• YOUR GOAL
Would you repeat the whole listing exactly, pictures excluded?

• AVAILABLE DATA
####
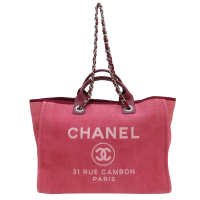 【二手名牌BRAND OFF】CHANEL 香奈兒【再降價】紅色 緹花帆布 兩用包 沙灘包 銀扣 (無卡)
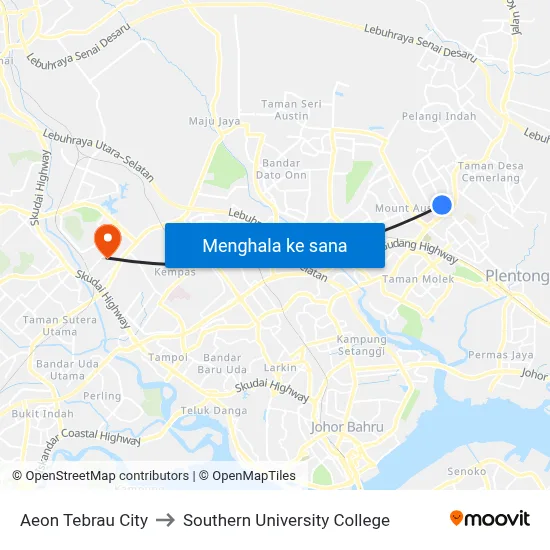 Aeon Tebrau City to Southern University College map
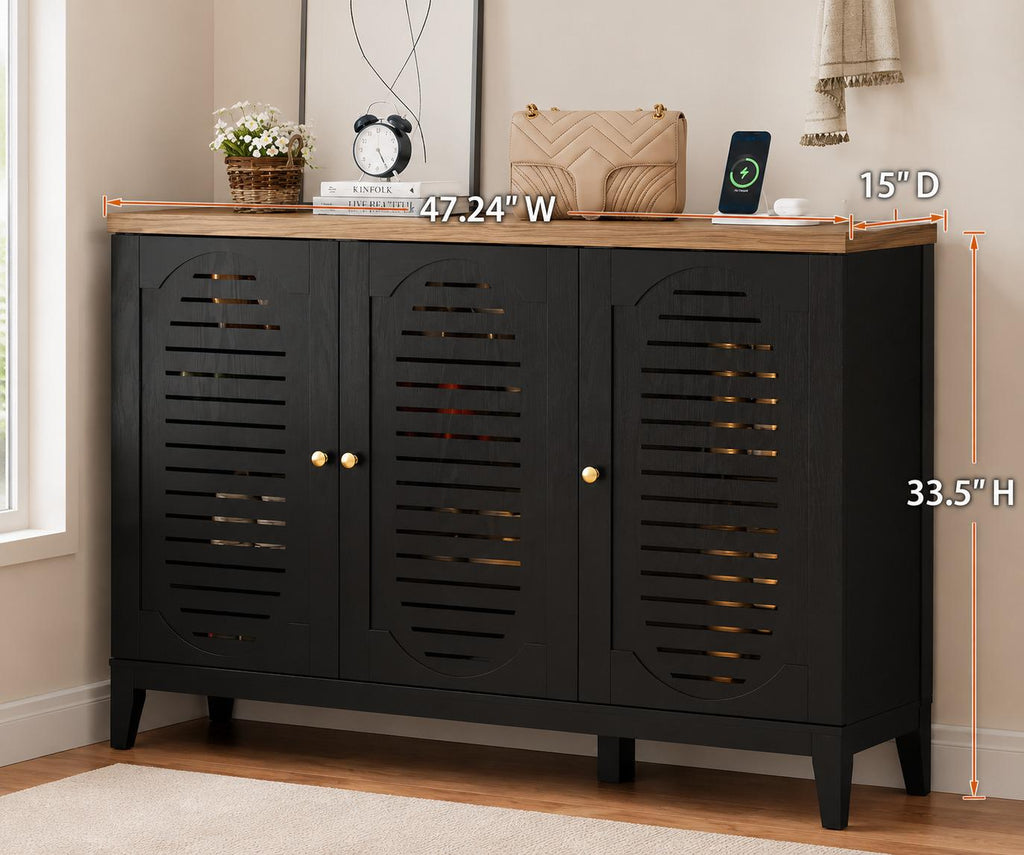 Narrow Wooden Shoe Cabinet with 3 Doors, Entryway Hidden Storage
####
• TASK OUTPUT
 【二手名牌BRAND OFF】CHANEL 香奈兒【再降價】紅色 緹花帆布 兩用包 沙灘包 銀扣 (無卡)
 Aeon Tebrau City to Southern University College map
 Narrow Wooden Shoe Cabinet with 3 Doors, Entryway Hidden Storage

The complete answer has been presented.